__What you have to do__.
The answer must reproduce the listing exactly, with every picture left out.

__Recorded information__.
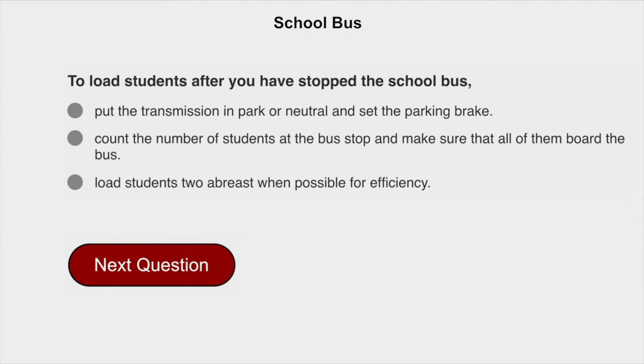To load students after you have stopped the school bus, count the number of students at the bus stop and make sure that all of them board the bus.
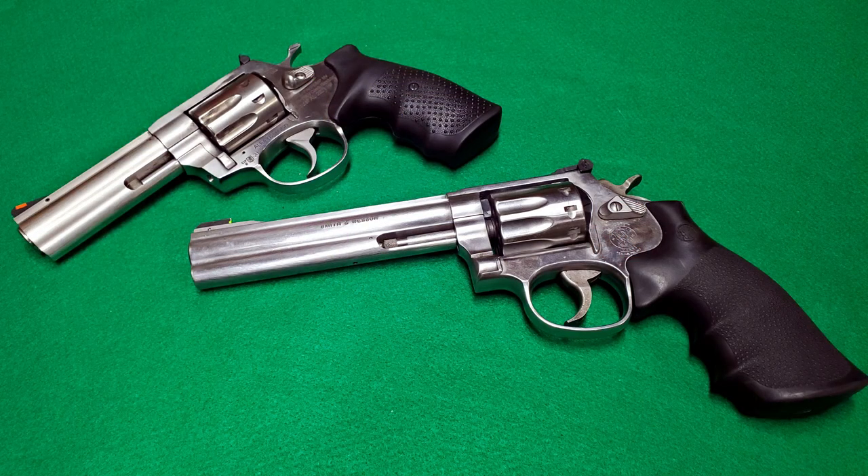There you go, crew. Hopefully this video has given you a little more insight on the similarities and differences between the Rock Island Armory AL-22 revolver and the Smith & Wesson Model 617. If you want to continue the conversation, you can do that down in the comments below. Thanks for hanging out, thanks for watching, and until next time, don't forget to chain fire freedom.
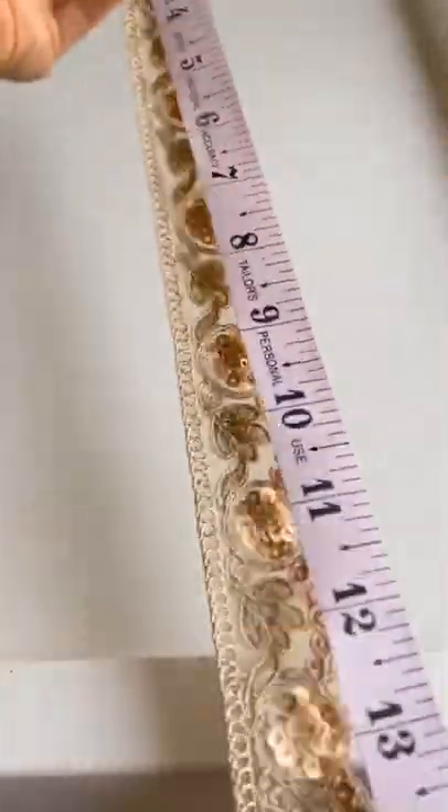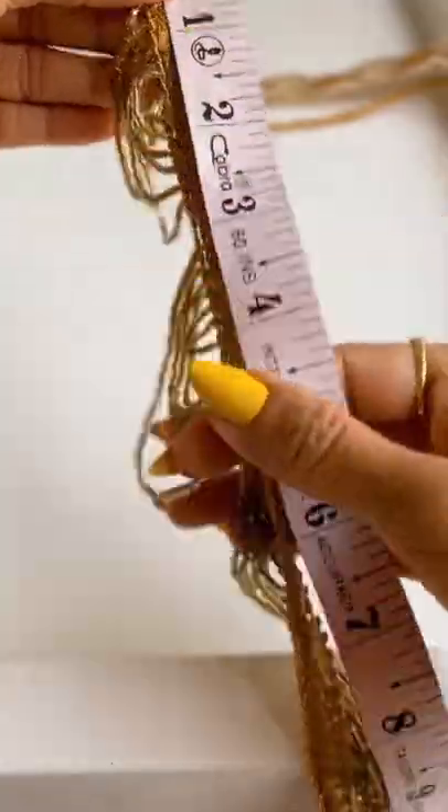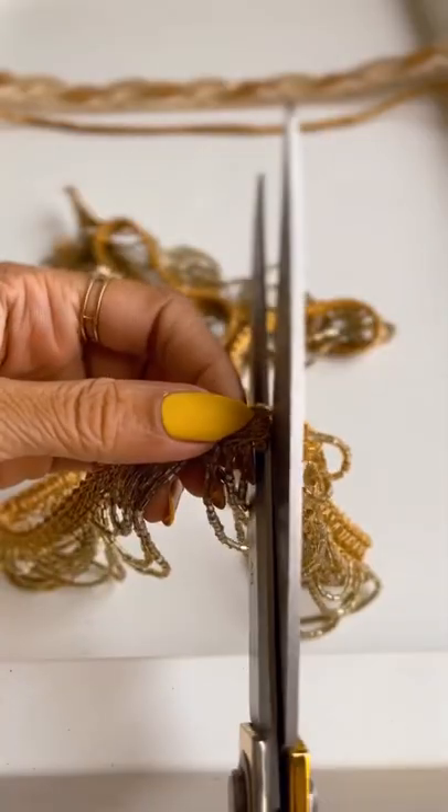Start by measuring the embroidered lace according to your waist size. You can take an inch or two less and cut it. Take 10 inches of the cord lace and again cut the dangling lace according to your waist size.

__Task answer__.
To load students after you have stopped the school bus, count the number of students at the bus stop and make sure that all of them board the bus.
There you go, crew. Hopefully this video has given you a little more insight on the similarities and differences between the Rock Island Armory AL-22 revolver and the Smith & Wesson Model 617. If you want to continue the conversation, you can do that down in the comments below. Thanks for hanging out, thanks for watching, and until next time, don't forget to chain fire freedom.
Start by measuring the embroidered lace according to your waist size. You can take an inch or two less and cut it. Take 10 inches of the cord lace and again cut the dangling lace according to your waist size.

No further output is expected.